GUALBERTO PACHECO – C.I: 955.161-6

 

Muchos jubilados serán ahora rentistas

Señor Director de LA REPUBLICA

Dr. Federico Fasano Mertens

* Corría el año 1916. Mientras la guerra se desarrollaba en el centro de Europa, en Rusia crecía la actividad revolucionaria. La policía del zar apretaba los controles sobre los movimientos de personas. Los hoteles, fondas y posadas debían llevar un registro minucioso de sus huéspedes. Cuando el hombre (a quien los servicios secretos venían pisándole los talones) fue a tomar alojamiento, mostró su documento falso a la dueña de la fonda y cuando ésta le preguntó –¿profesión? el contestó sin inmutarse: «revolucionario».

–Esa no es una profesión, ¿de qué vive usted? le dijo la mujer. De rentas, respondió Lenin.

–Ah… ahora sí, y estampó en el formulario «rentista».

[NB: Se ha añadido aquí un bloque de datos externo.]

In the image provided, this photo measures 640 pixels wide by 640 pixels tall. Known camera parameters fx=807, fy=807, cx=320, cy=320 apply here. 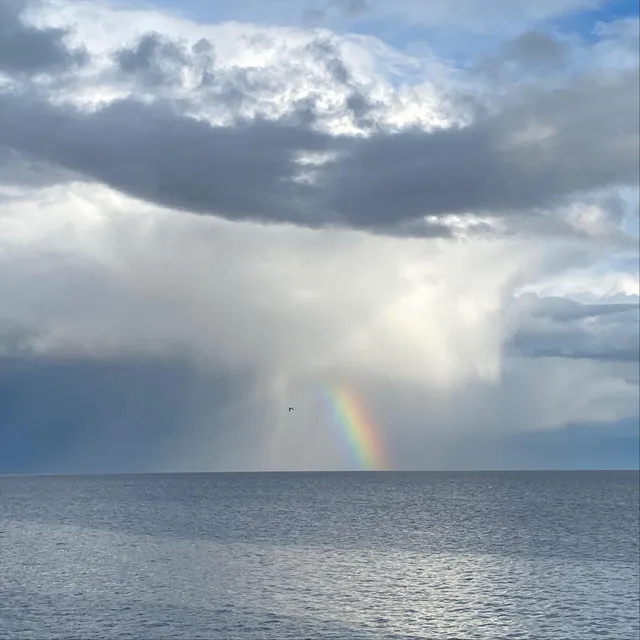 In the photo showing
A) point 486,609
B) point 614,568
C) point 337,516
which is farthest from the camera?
point 337,516

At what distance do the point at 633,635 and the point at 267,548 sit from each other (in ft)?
212

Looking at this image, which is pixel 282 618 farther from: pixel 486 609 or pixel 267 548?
pixel 267 548

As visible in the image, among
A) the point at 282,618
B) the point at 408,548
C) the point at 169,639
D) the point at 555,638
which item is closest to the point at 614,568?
the point at 408,548

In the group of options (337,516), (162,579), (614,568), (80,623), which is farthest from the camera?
(337,516)

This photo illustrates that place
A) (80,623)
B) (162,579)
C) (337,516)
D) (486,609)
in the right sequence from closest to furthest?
1. (80,623)
2. (486,609)
3. (162,579)
4. (337,516)

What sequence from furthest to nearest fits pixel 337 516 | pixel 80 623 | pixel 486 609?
1. pixel 337 516
2. pixel 486 609
3. pixel 80 623

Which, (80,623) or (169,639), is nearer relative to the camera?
(169,639)

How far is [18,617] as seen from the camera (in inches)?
2852

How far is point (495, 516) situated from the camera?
199500 millimetres

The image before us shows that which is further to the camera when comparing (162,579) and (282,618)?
(162,579)

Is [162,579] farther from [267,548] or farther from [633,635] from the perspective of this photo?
[633,635]

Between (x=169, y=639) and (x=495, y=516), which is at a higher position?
(x=495, y=516)

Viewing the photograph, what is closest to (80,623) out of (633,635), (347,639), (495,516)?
(347,639)

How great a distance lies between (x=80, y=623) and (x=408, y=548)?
222 ft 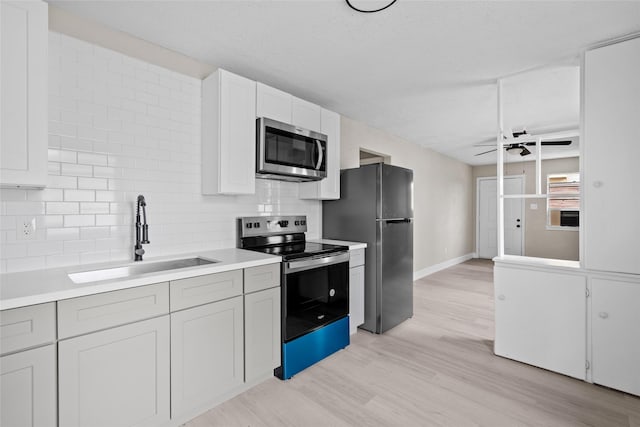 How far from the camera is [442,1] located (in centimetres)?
175

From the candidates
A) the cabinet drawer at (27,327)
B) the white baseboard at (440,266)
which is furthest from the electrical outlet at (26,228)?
the white baseboard at (440,266)

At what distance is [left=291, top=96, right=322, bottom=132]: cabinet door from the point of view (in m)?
2.81

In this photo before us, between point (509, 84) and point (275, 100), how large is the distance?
88.6 inches

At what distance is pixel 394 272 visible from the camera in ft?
10.9

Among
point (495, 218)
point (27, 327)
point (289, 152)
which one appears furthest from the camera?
point (495, 218)

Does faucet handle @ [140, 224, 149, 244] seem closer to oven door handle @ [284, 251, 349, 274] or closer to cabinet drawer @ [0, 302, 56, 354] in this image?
cabinet drawer @ [0, 302, 56, 354]

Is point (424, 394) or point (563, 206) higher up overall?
point (563, 206)

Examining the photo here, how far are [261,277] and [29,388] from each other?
123cm

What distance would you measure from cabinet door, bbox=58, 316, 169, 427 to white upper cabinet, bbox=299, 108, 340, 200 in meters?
1.87

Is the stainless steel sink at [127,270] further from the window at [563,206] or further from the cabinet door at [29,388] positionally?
the window at [563,206]

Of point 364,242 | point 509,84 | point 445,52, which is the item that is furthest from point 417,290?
point 445,52

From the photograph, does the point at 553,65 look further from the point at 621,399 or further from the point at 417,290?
the point at 417,290

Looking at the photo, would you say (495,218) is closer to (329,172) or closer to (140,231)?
(329,172)

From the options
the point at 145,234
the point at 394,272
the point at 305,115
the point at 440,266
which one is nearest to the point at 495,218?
the point at 440,266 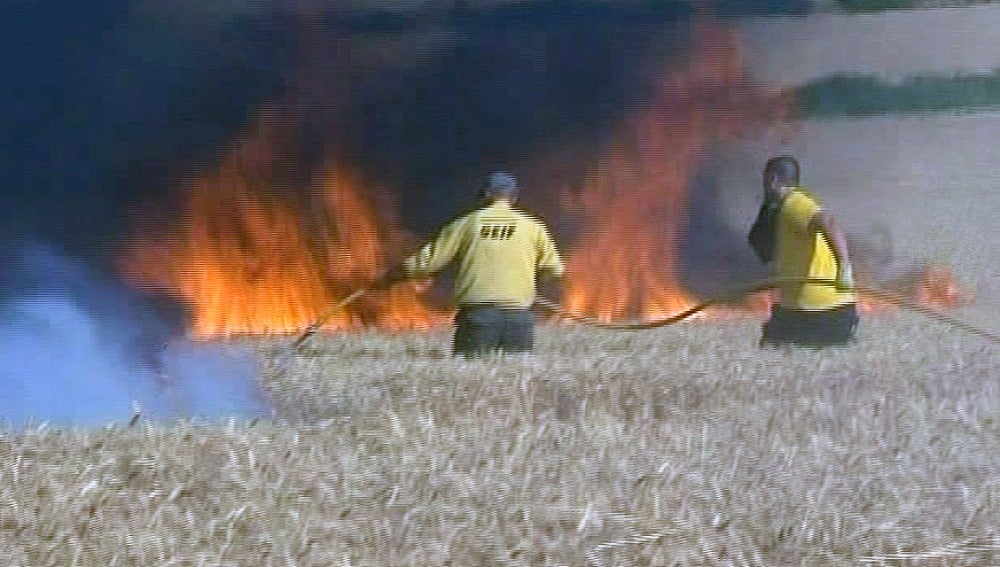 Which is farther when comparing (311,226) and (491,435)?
(311,226)

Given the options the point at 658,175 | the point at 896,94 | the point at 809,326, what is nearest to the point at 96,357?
the point at 809,326

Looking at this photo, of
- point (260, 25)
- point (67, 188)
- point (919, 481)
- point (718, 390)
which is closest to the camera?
point (919, 481)

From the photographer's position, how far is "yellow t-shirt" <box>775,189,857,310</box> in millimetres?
3111

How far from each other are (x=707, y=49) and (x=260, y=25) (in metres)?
1.27

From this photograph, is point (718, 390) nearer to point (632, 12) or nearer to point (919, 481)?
point (919, 481)

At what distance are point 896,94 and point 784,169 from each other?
1.34ft

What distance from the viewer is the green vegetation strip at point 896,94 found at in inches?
142

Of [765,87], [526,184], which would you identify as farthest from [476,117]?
[765,87]

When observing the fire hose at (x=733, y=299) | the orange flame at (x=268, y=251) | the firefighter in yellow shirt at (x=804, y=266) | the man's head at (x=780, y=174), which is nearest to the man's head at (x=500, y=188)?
the fire hose at (x=733, y=299)

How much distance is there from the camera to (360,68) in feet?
13.3

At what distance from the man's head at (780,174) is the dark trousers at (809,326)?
0.54m

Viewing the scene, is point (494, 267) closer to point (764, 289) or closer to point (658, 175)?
point (764, 289)

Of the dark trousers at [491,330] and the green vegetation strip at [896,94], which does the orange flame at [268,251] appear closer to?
the dark trousers at [491,330]

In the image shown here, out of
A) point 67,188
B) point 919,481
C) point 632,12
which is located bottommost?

Gracias al gobierno de los cambios dentro de poco muchos trabajadores, jubilados y pensionistas que cobran menos de la mitad de la canasta familiar básica, pasarán a la envidiable condición de «rentistas» y deberán pagar los impuestos que genera tal privilegio.

O sea: «iniquidad distributaria» de la cintura para abajo, porque de la cintura para arriba, excenciones, franquicias y estímulos al gran capital ya que como se sabe, hay que cuidar a los inversores.